17. August 2022

Inverser Voyeurismus

Was immer mir durch den Kopf tobt, löst höchst unterschiedliche, oft widersprüchliche Prozesse aus. Derzeit hat „Der milde Leviathan“ einigen Vorrang und kaum ist die Entscheidung zur Themenstellung für einen neuen Arbeitsabschnitt gefallen, schon vertiefen sich skeptische Überlegungen.

Ich bin mit „Fahrenheit reloaded“ zufrieden und muß mich nun in diesem Themenbogen selbst erst zurechtrütteln. Währenddessen umspülen mich all die großen Themen von Relevanz und mir gehen die Ignoranten ebenso auf die Nerven, wie jene Plaudertaschen, die grade großspurig auf Friedensengel machen.


Exegeten und Prediger, von denen bisher noch nicht einmal der kleinste Hinweis kam, wie man wenigstens einen Rüpel aus unserem Alltag zur Verhaltensänderung bewegt, von einem schwer bewaffneten Räuberhauptmann, hinter dem eine ebenso bewaffnete Gang steht, ganz zu schweigen.

Die größten Schwätzer nennen uns grade Bertha von Suttner. (Gähn!) Diesen Namen wollten sie vermutlich schon Ratko Mladic ins Ohr flüstern, aber es hat sich halt nicht ergeben. Ich bin da eher für Menschenmaß und konkrete Handlungsoptionen. Zuallererst: Ich kann und will mich nicht um alle bedeutenden Themen kümmern, die mich dank aktueller Medientechnologie Tag für Tag erreichen.

Da wäre ich emotional bloß noch im Elend und müßte mich vermutlich spätestens nach einem halben Jahr von einer Brücke schmeißen. Schließlich: Die Übel der Welt einfach nur zu nennen und dazu via Social Media permanent Links zu Berichten aufzuhängen wie nasse Wäsche an einer endlosen Leine, das ist kein politisches oder soziales Verhalten, das ist eine eitle Ersatzhandlung, eine Art inverser Voyeurismus.


Ich mach das so: Es gibt Themen, die mir liegen und Themen die mich berühren. Dafür brauche ich meine Zeit, um mich sachkundig zu machen, um mir so ein Thema halbwegs zu erschließen.

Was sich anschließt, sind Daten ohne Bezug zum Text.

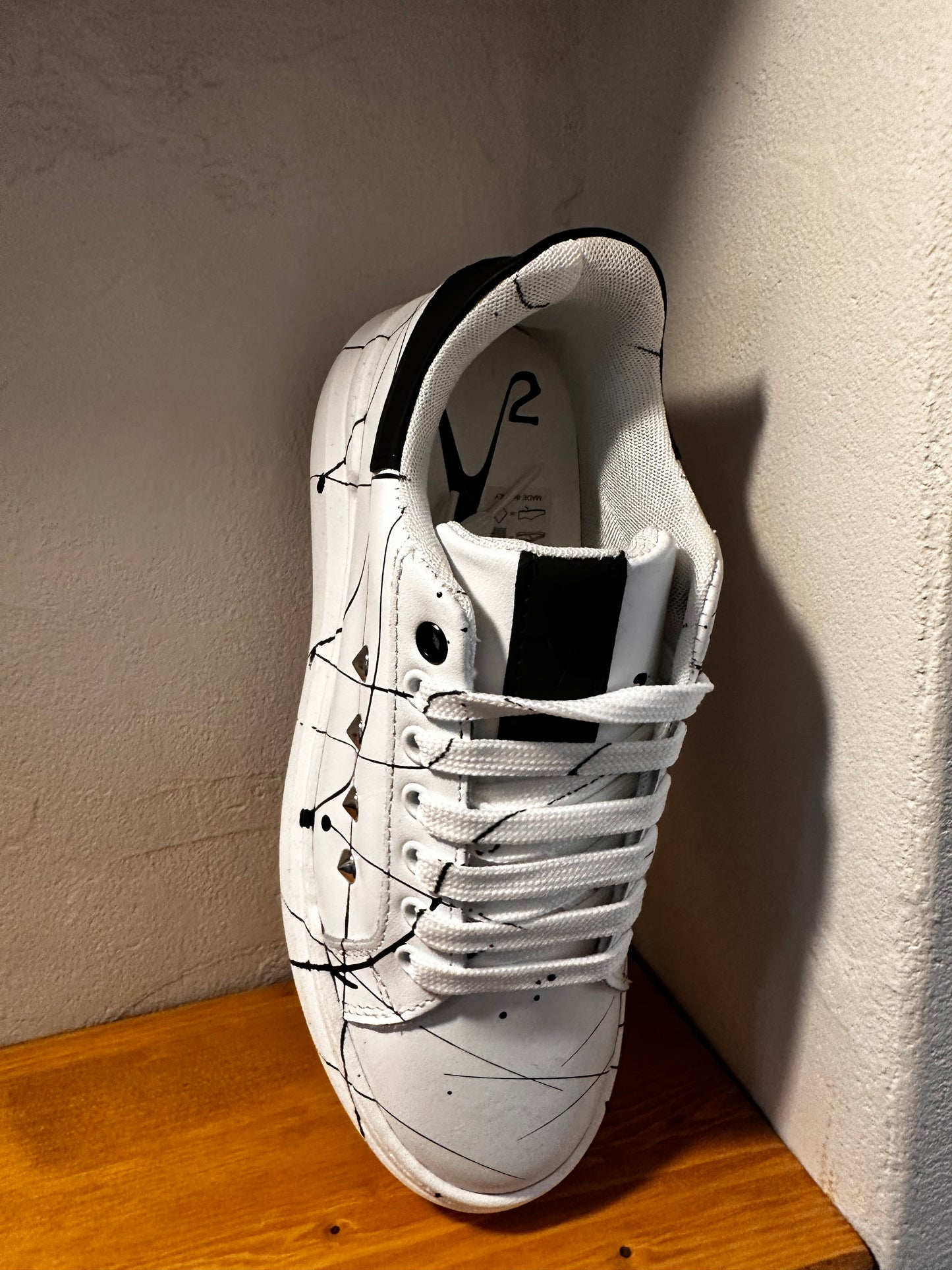 Sneakers V2 schizzi nera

Währenddessen erprobe ich verschiedene Varianten, um damit nach draußen zu gehen; einerseits via Medien, andererseits in realer soziale Begegnung.

Nun hab ich zwar zu allem eine Meinung, kann mich aber nur um relativ wenige Themen fundiert kümmern. Alles andere durchzudeklinieren halte ich für Boulevard, für Bassena-Geschwätz. Außerdem muß mir genug Platz zur persönlichen Alltagsbewältigung bleiben, aber auch für Menschen, die mir nahestehen. Da bin ich dann schnell ausgelastet und es bleibt mir nur begrenzter Raum für die großen Themen dieser Welt. Ich geb Ihnen ein Beispiel, was etwa Platz haben muß.


Gestern kamen Fotos, die mir mein Sohn Gabriel unter dem Titel „Aktuelles Projekt“ schickte. Zuerst fiel mir dabei ein beeindruckender Holzhammer auf, von dem ich dann gleich noch eine Großaufnahme bekam. Dieses Monster sieht aus, als wäre es vom Set einer Comic-Verfilmung geklaut worden. (Es hat sogar einen launigen Namen, doch das sind Familieninterna.)

Ich kann Ihnen dazu ein kleines Beispiel geben, unter welchen Bedingungen ein Vater sehr vergnügt ist. Gabriel schrieb mir zum gesamten Set: „Wenn‘s schiefgeht, eben aufstemmen und neu betonieren. Wenn’s klappt, bin ich glücklich.“ Sie mögen es für banal halten, doch das ist Ausdruck eines ziemlich smarten Zugangs zum Leben.